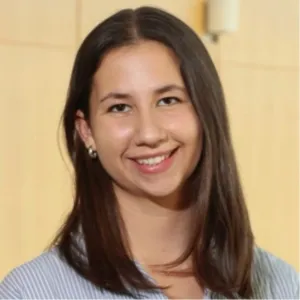 A headshot of a young woman with long, straight dark brown hair smiling at the camera. She is wearing a light blue and white striped button-down shirt and small silver hoop earrings, positioned against a neutral, warm wood-paneled background.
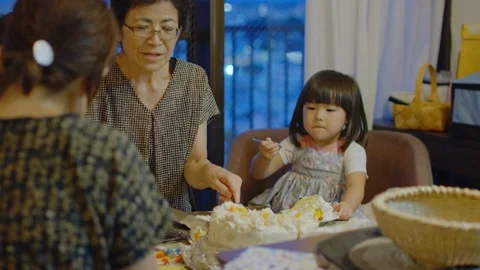 Multi-generation family serving and eating food at home. Stock Footage 100832701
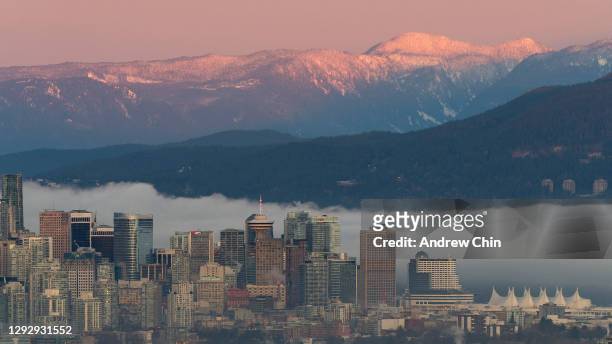 View of downtown Vancouver skyline at sunrise on December 24, 2020 in Burnaby, British Columbia, Canada. The Provincial Health Officer has ordered...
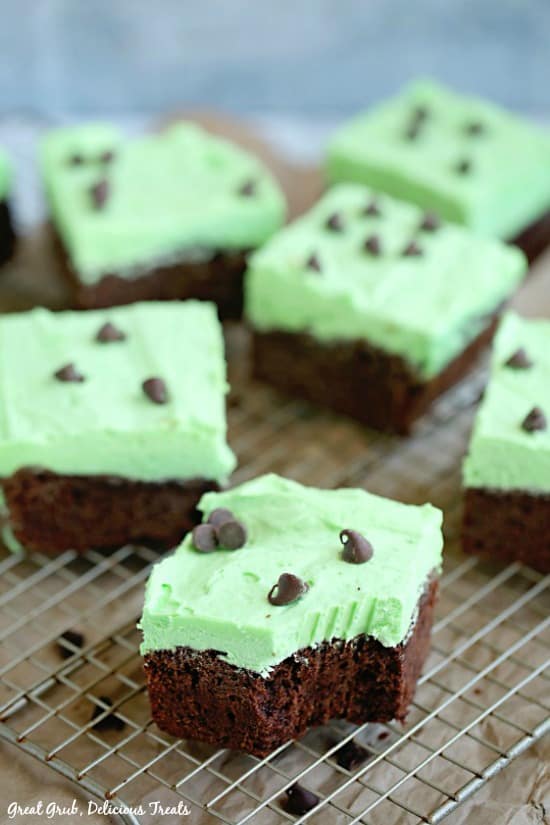 Chocolate Mint Brownies - photo of 6 brownies sitting on a wire rack with a bite taken out of the brownie in front.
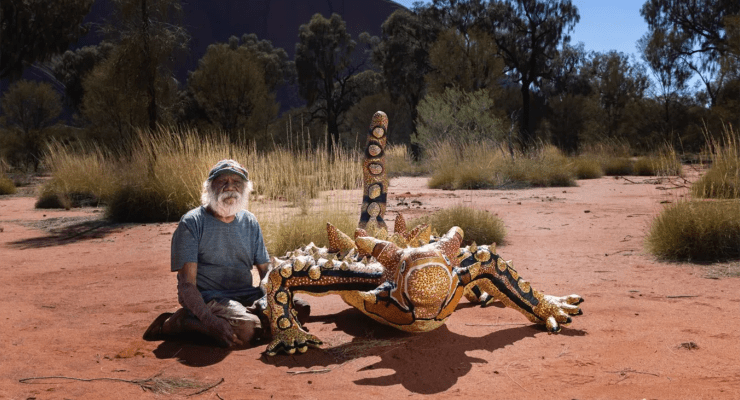Mutitjulu artist Rolley Mintuma seated next to the Ngiyari (thorny devil) sculpture (Image: Supplied/Nancy Green)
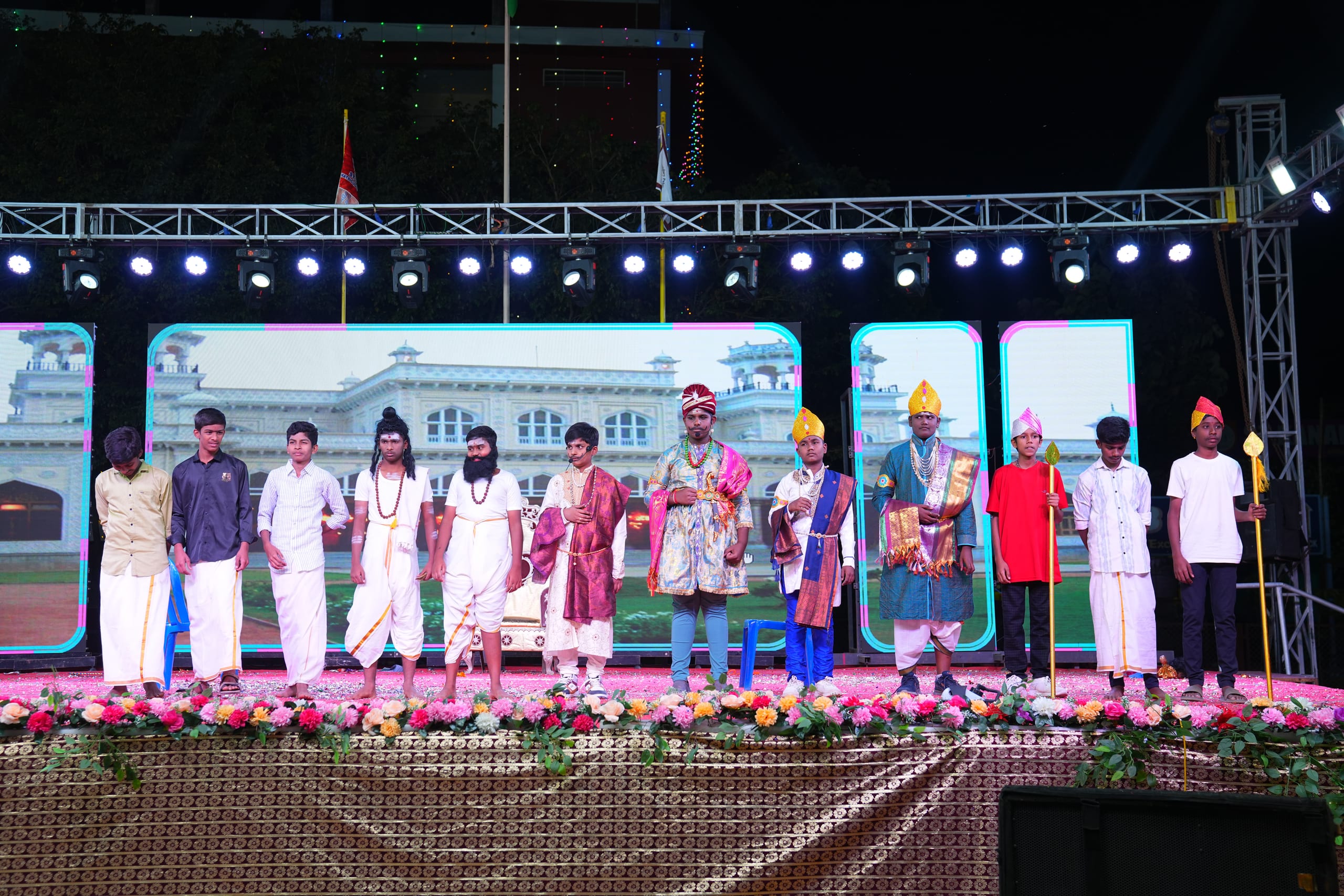Students in costume standing across the stage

▶ _WORK INSTRUCTIONS_:
Each record, word for word, should be printed again without its pictures.

▶ _EXERCISE RESPONSE_:
 A headshot of a young woman with long, straight dark brown hair smiling at the camera. She is wearing a light blue and white striped button-down shirt and small silver hoop earrings, positioned against a neutral, warm wood-paneled background.
 Multi-generation family serving and eating food at home. Stock Footage 100832701
 View of downtown Vancouver skyline at sunrise on December 24, 2020 in Burnaby, British Columbia, Canada. The Provincial Health Officer has ordered...
 Chocolate Mint Brownies - photo of 6 brownies sitting on a wire rack with a bite taken out of the brownie in front.
Mutitjulu artist Rolley Mintuma seated next to the Ngiyari (thorny devil) sculpture (Image: Supplied/Nancy Green)
Students in costume standing across the stage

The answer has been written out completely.